The material seems innocuous by today’s standards, but it caused an uproar when broadcast on the New York radio station WBAI in the early ’70s. The station was censured and fined by the FCC. And in 1978, their ruling was supported by the Supreme Court, which Time magazine reported, “upheld an FCC ban on ‘offensive material’ during hours when children are in the audience.” Mr. Carlin refused to drop the bit and was arrested several times after reciting it on stage.
By the mid-’70s, like his comic predecessor Lenny Bruce and the fast-rising Richard Pryor, Mr. Carlin had emerged as a cultural renegade. In addition to his irreverent jests about religion and politics, he openly talked about the use of drugs, including acid and peyote, and said that he kicked cocaine not for moral or legal reasons but after he found “far more pain in the deal than pleasure.” But the edgier, more biting comedy he developed during this period, along with his candid admission of drug use, cemented his reputation as the “comic voice of the counterculture.”
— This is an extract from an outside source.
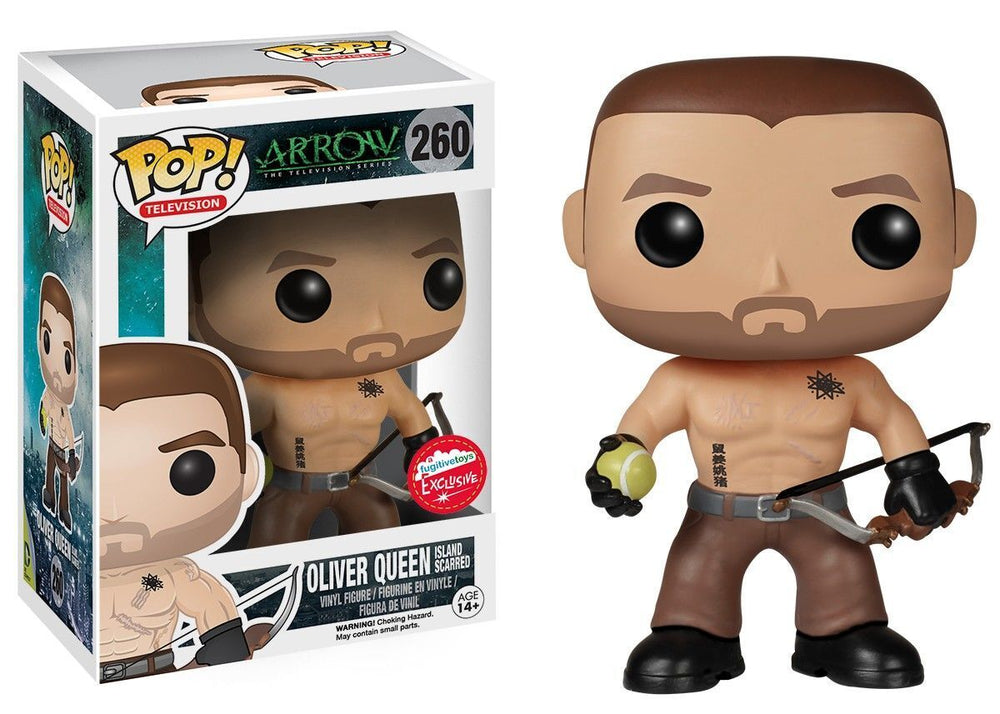 FUNKO POP! TELEVISION ARROW: OLIVER QUEEN (ISLAND SCARRED) #260 (FUGITIVE TOYS EXCLUSIVE STICKER)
Mr. Carlin released a half dozen comedy albums during the ’70s, including the million-record sellers “Class Clown,” “Occupation: Foole” (1973) and “An Evening With Wally Lando” (1975). He was chosen to host the first episode of the late-night comedy show “Saturday Night Live” in 1975. And two years later, he found the perfect platform for his brand of acerbic, cerebral, sometimes off-color standup humor in the fledgling, less restricted world of cable television. By 1977, when his first HBO comedy special, “George Carlin at USC” was aired, he was recognized as one of the era’s most influential comedians. He also become a best-selling author of books that expanded on his comedy routines, including “When Will Jesus Bring the Pork Chops?,” which was published by Hyperion in 2004.
Pursuing a Dream
Mr. Carlin was born in New York City in 1937. “I grew up in New York wanting to be like those funny men in the movies and on the radio,” he said. “My grandfather, mother and father were gifted verbally, and my mother passed that along to me. She always made sure I was conscious of language and words.”
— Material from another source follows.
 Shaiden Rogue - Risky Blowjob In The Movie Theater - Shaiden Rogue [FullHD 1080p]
He quit high school to join the Air Force in the mid-’50s and, while stationed in Shreveport, La., worked as a radio disc jockey. Discharged in 1957, he set out to pursue his boyhood dream of becoming an actor and comic. He moved to Boston where he met and teamed up with Jack Burns, a newscaster and comedian. The team worked on radio stations in Boston, Fort Worth, and Los Angeles, and performed in clubs throughout the country during the late ’50s.
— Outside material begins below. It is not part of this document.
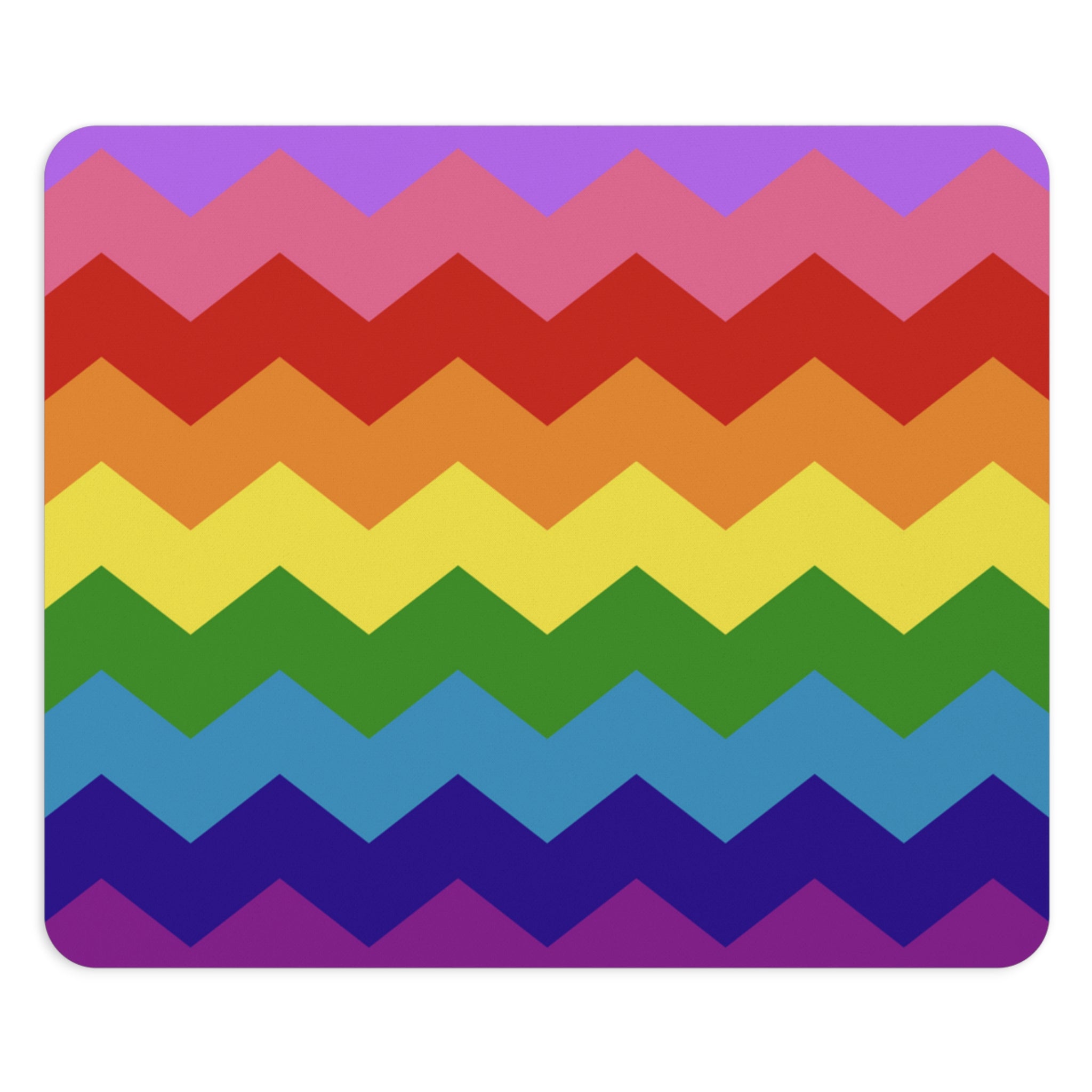 LGBTQ+ Flag Wavey Mousepad: Sharp Design for Desk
After attracting the attention of the comedian Mort Sahl, who dubbed them “a duo of hip wits,” they appeared as guests on “The Tonight Show” with Jack Paar. Still, the Carlin-Burns team was only moderately successful, and, in 1960, Mr. Carlin struck out on his own.
During a career that spanned five decades, he emerged as one of the most durable, productive and versatile comedians of his era. He evolved from Jerry Seinfeld-like whimsy and a buttoned-down decorum in the ’60s to counterculture icon in the ’70s. By the ’80s, he was known as a scathing social critic who could artfully wring laughs from a list of oxymorons that ranged from “jumbo shrimp” to “military intelligence.” And in the 1990s and into the 21st century the balding but still pony-tailed comic prowled the stage — eyes ablaze and bristling with intensity — as the circuit’s most splenetic curmudgeon.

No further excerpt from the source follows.